## Exercise objective
Return every line of the data that contains the string "with".

BEGIN

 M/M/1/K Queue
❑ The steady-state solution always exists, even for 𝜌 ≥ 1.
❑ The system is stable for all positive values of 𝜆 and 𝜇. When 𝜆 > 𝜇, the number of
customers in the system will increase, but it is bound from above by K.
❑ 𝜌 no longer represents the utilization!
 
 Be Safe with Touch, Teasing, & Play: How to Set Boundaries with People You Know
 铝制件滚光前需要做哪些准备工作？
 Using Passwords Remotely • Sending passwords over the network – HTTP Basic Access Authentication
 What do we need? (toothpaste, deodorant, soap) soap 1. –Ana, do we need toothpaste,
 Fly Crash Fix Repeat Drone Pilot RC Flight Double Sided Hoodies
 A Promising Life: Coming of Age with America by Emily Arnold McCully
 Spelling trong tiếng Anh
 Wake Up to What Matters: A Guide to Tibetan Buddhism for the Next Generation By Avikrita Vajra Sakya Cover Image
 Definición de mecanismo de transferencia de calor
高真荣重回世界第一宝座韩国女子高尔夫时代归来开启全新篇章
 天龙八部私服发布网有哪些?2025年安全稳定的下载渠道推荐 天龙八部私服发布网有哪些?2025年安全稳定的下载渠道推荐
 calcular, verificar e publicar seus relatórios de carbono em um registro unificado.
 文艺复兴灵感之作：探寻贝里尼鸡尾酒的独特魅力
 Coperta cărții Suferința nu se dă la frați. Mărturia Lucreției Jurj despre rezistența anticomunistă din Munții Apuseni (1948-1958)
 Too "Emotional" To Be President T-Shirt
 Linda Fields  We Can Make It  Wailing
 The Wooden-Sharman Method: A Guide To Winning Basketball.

END

## Result of this task
 Be Safe with Touch, Teasing, & Play: How to Set Boundaries with People You Know
 A Promising Life: Coming of Age with America by Emily Arnold McCully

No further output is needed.